When you break it down to its root words, you just might come upon an antiquated notion of women’s societal role.
Writing about over-the-top politically correct items for sale earlier this week got me in the mood to get in on some over-the-top political correctness of my own. And luckily enough, Mary Poppins floated down using an umbrella of antiquated gender norms to drop this in my lap.
The term “supercalifragilisticexpialidocious,” from the famous song in Disney’s Mary Poppins in 1964, just might be a insidiously sexist term. Yes, the meaning of it might be something quite atrocious.
In the 1998 book Crazy English by Richard Lederer, he breaks down supercalifragilisticexpialidocious into its root words:
- super – above
- cali – beauty
- fragilistic – delicate
- expiali – to atone
- docious – educable
Put ’em together and what do you got? “To atone for educability through delicate beauty.” Or, in other words, a woman apologizing for her intelligence and desire to learn and promoting her attractiveness instead.
But was the word intentionally created with that meaning? For that we have to trace where it came from and that gets… complicated.
Two brothers composed the song for Mary Poppins in the early 1960s.
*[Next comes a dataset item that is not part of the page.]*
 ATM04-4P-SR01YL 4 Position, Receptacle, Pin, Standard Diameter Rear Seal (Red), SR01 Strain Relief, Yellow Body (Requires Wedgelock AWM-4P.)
Richard and Robert Sherman are also behind It’s a Small World (After All), Chim Chim Cher-ee, and many, many other Disney songs.
In an interview in 2007, the brothers say they remembered supercalifragilisticexpialidocious as a “wonderful word from their childhood.” In another interview that year, Richard elaborated, “That’s a word we sort of concocted from our childhood when we used to make up double talk words… we said, ‘Remember when we used to make up the big double talk words? We could make a big obnoxious word up for the kids and thats where it started.'”
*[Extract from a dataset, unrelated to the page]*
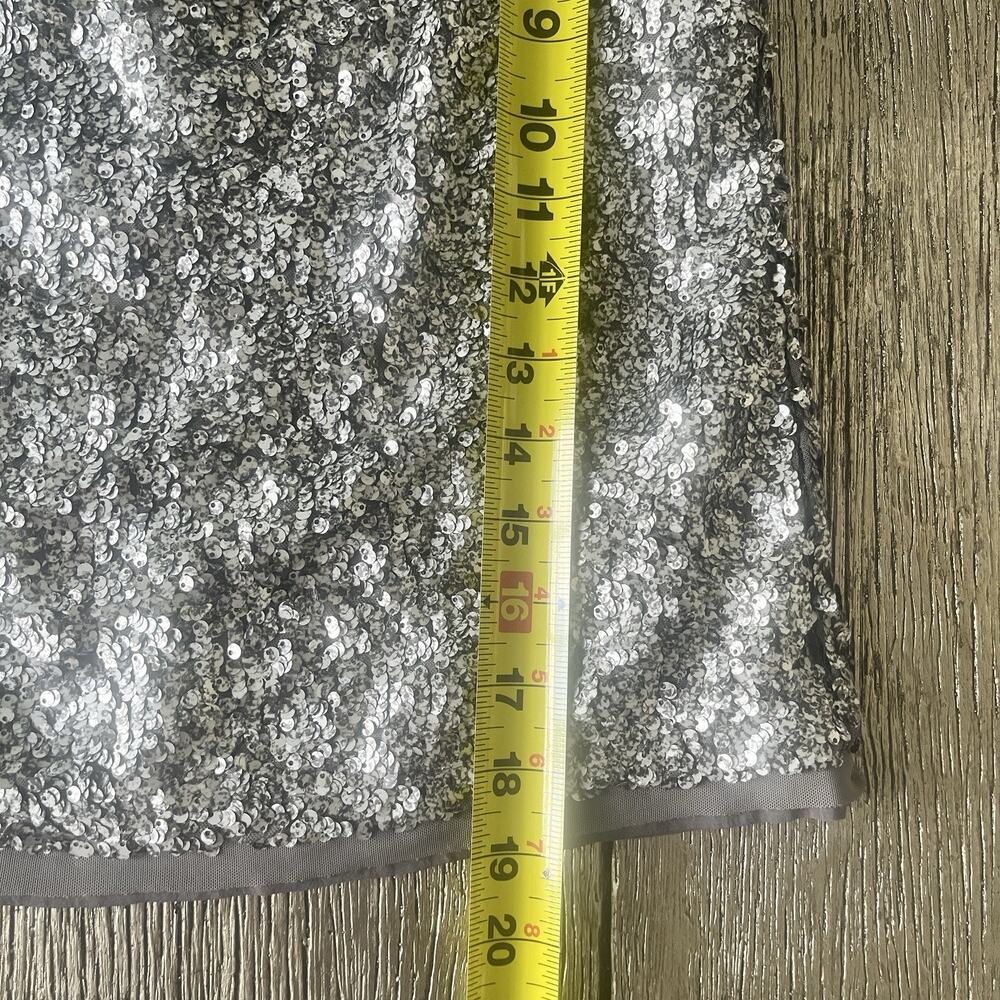 Abercrombie & Fitch Sequin Cropped Tank Top XS Silver Open Back Sparkly - Picture 7 of 12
And perhaps that’s true — and if so, and we take his word for it, it’s just intentional gibberish, not intentional sexism.
But a lawsuit claimed otherwise. (About his word, not the intent.) Two music executives named Patricia Smith and Don Fenton sued the Shermans in 1965 for copyright infringement. They owned the publishing rights to a song called Supercalafajalistickespeealadojus, written by an artist named Gloria Parker in 1951. She would perform it in her lounge act at fancy hotels in New York City, and the theory is the Shermans heard it and co-opted it.
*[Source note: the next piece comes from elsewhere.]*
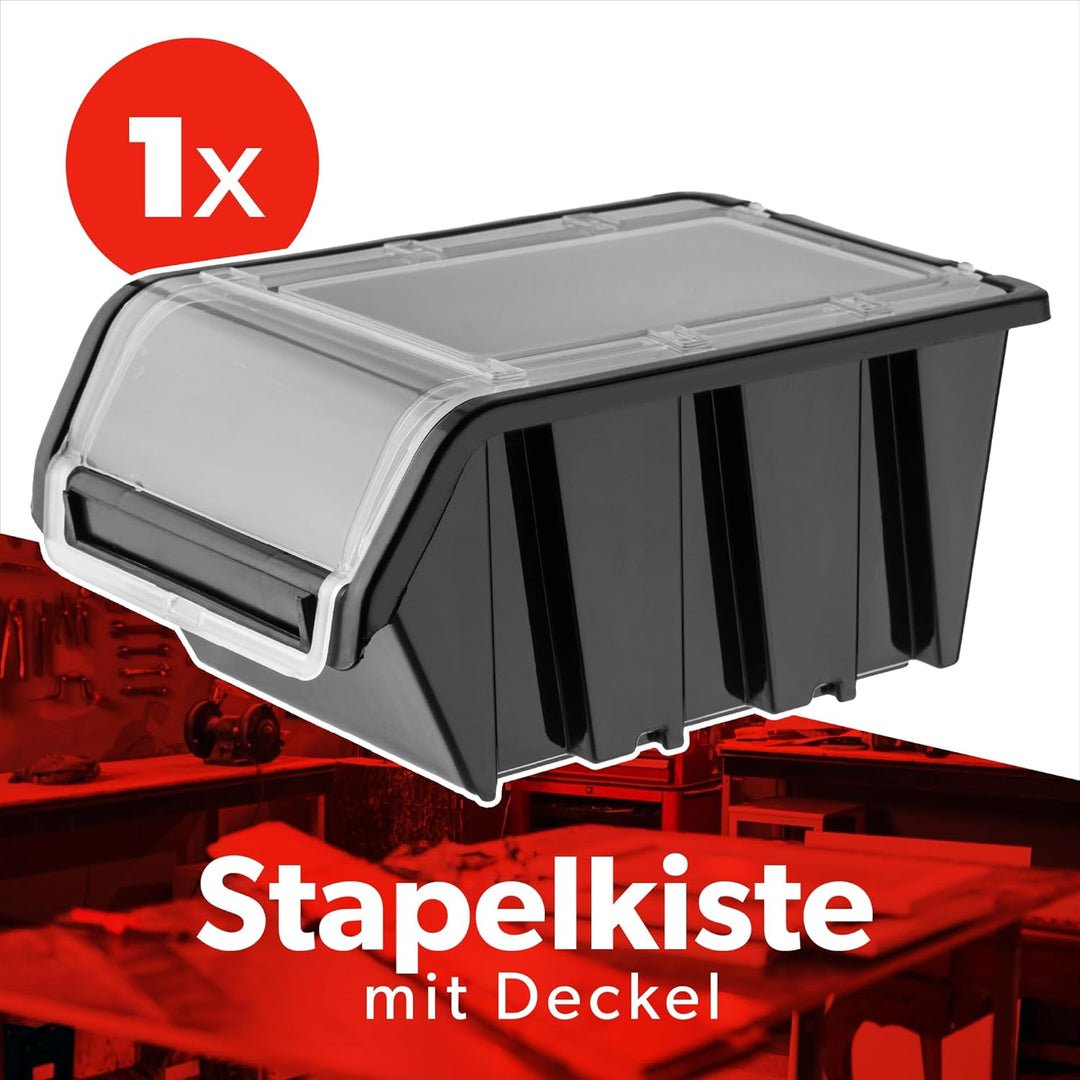 KADAX Stapelkiste mit Deckel, Lagerbox aus PP Kunststoff, Sichtlagerbox in verschiedenen Grössen und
A judge dismissed the suit, primarily because the music of both songs was completely different. As for the word, Parker said she’d heard it growing up in the south, and the judge determined it was public domain.
But I’ve strayed far, far off the track here, which is about whether the word is secretly sexist. And the answer is… not through the intention of either of the above artists, or perhaps anyone’s intention.
Whether the Shermans co-opted the word (more likely) or came upon it in a “thousand monkeys on a thousand typewriters” way (less likely), it’s hard to believe they were concerned with its linguistic roots. Likewise, it’s highly doubtful that an empowered, ambitious female singer/songwriter would research romance languages to create a word about demurring it up.
Assuming, though, that neither actually created the word and its origins stretch back even further, I’d say there’s a fighting chance it was created as a silly kids’ word representing a now antiquated ideal of femininity. Through a modern lens, it’s cringeworthy in its sexism; through the lens of the past, when societal norms and gender roles were far, far different than today, perhaps less so. That doesn’t excuse it, but it contextualizes it.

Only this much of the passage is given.